Nanasaheb Peshwa- earlier on this blog, I have been critical of him here and praised him here- was one of the most important personalities of 18th century, not just in the Indian context but that of the South Asia, West Asia and colonizing nations of Europe. One may argue that he was at least as important, if not more, as George II of Great Britain, British monarch from 1727-1760.
When you look up 1761 in Wikipedia, it lists only 16 events for the year. The first one is the third battle of Panipat. When you look up 1947 in Wikipedia, it lists about 113 events for the year. One of them is independence of India.
T S Shejwalkar (त्र्यं शं शेजवलकर) narrates how “wise-man” and a key adviser to the peshwa, Sakharam-Bapu Bokil (सखाराम बापू बोकील), had started making plans, based on Maratha empire’s existing sway over large parts of South Asia, to reach Iran.
I don't think, since his death, any other native Marathi speaking personality has influenced 'world affairs' more. (No wonder 18th century Marathas get decent coverage in Darwin's book on global history.) All great Marathi speaking personalities of 19th, 20th and 21st century India have at best influenced South Asian political/ social affairs.
Nanasaheb remains largely unsung in today's Maharashtra including Pune.

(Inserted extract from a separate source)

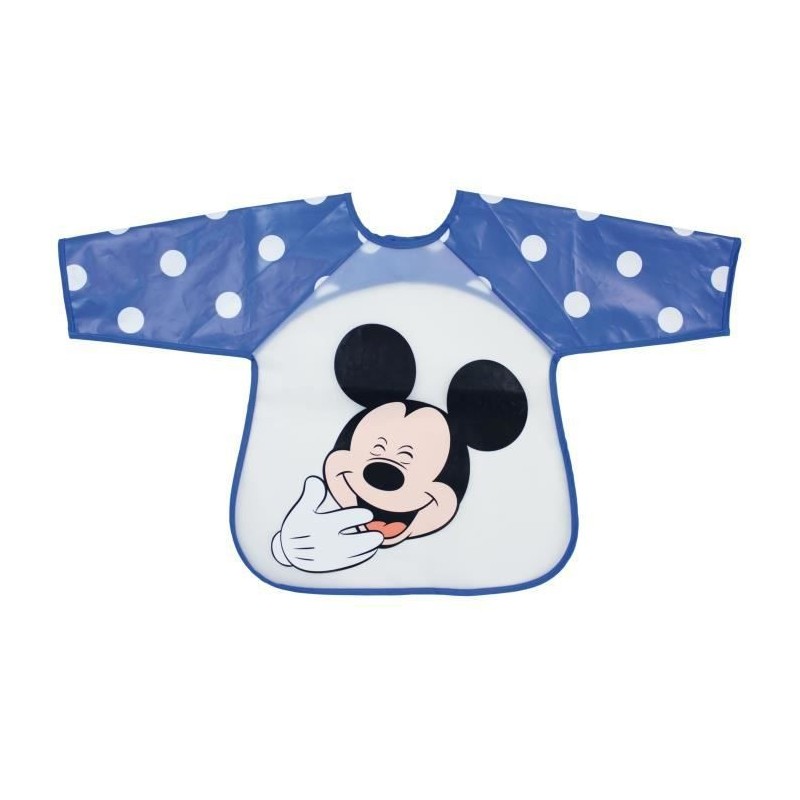 MICKEY Bavoir Tablier 2eme Age ''M is for Mouse'' a Velcro - Mickey bleu - 37 x 42 cm - Disney Baby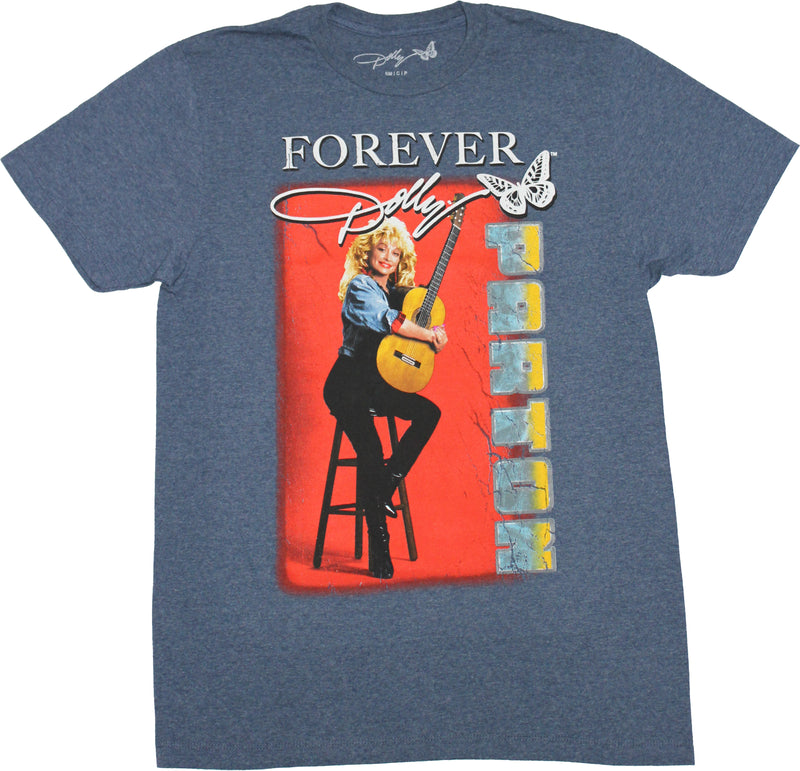 Dolly Pardon Mens T-Shirt - Forever Dolly Sitting  Holding Guitar - Inmyparentsbasement.com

I wonder why.
Is it because he was a Brahmin? Wasn't he a product of his time like most men and women?
Personally speaking, I have started hating Napoleon Bonaparte (1769-1821) since reading "1812: Napoleon's Fatal March on Moscow", 2004 by Adam Zamoyski but Mr. Bonaparte is recently rated by some to be the second greatest person in the history of mankind, next only to Jesus.
Historical personalities are not fairly judged by the yardstick of political correctness of the present.